* _Collected data_
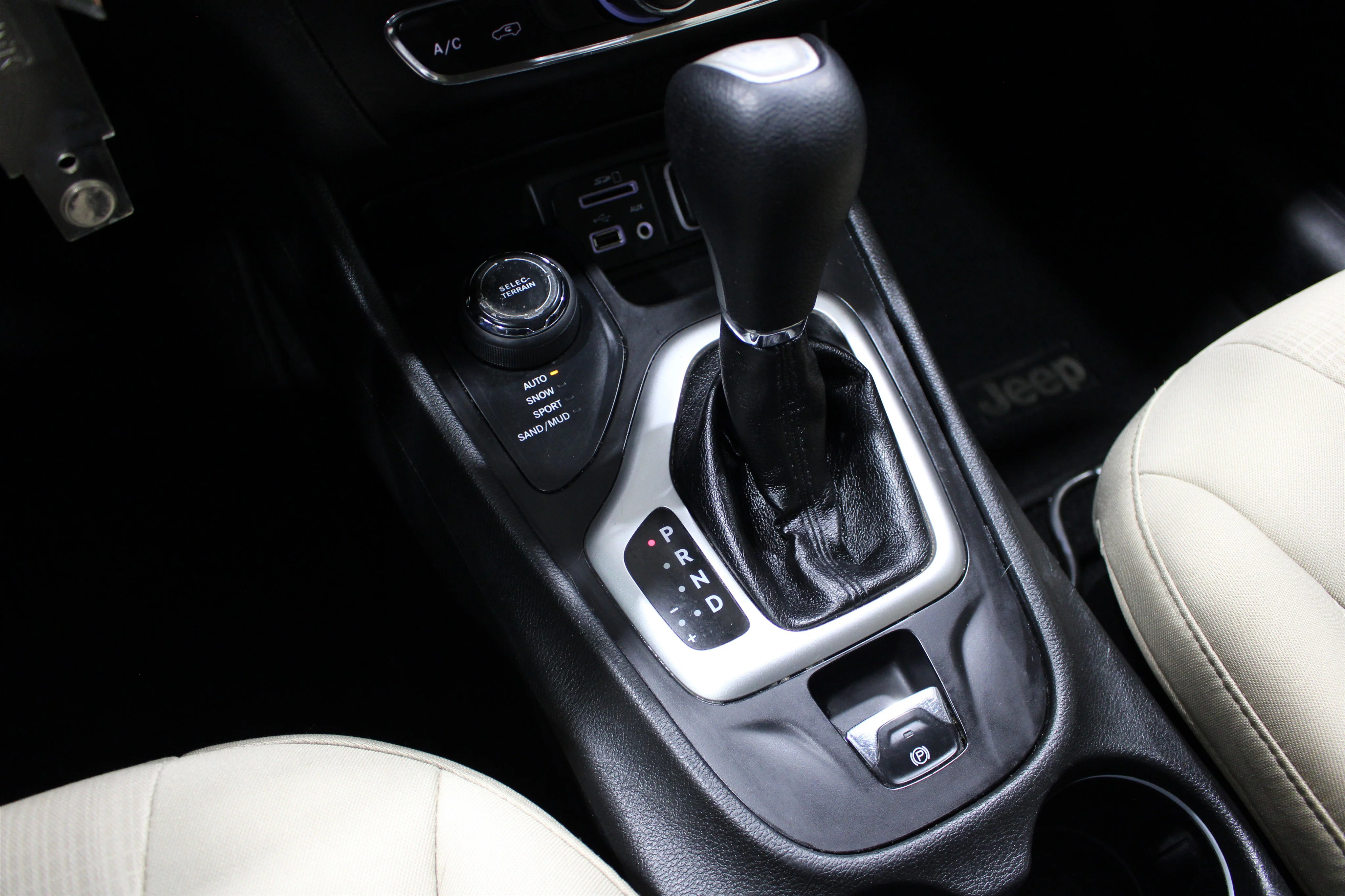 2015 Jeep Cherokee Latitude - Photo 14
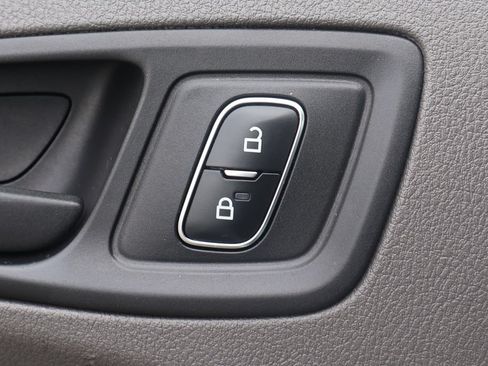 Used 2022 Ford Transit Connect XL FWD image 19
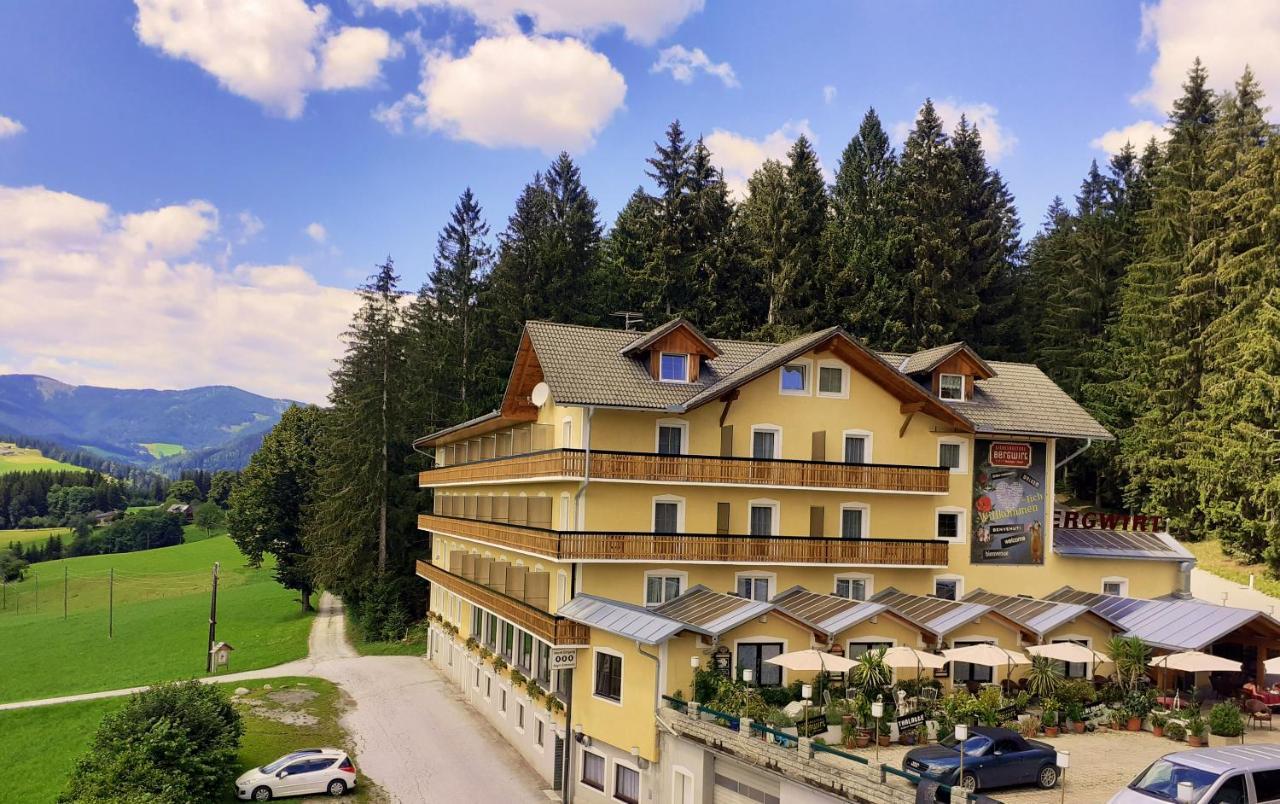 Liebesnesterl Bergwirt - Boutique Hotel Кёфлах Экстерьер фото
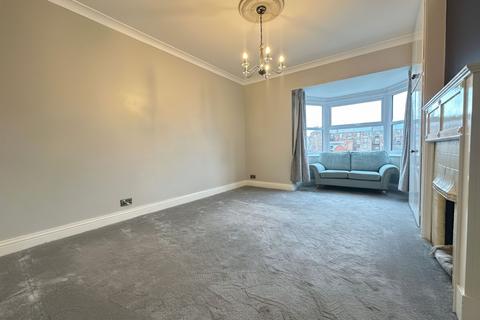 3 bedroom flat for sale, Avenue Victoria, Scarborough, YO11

* _Goal of the exercise_
Reproduce the whole listing verbatim and keep all pictures out of it.

* _Output of the task_
 2015 Jeep Cherokee Latitude - Photo 14
 Used 2022 Ford Transit Connect XL FWD image 19
 Liebesnesterl Bergwirt - Boutique Hotel Кёфлах Экстерьер фото
 3 bedroom flat for sale, Avenue Victoria, Scarborough, YO11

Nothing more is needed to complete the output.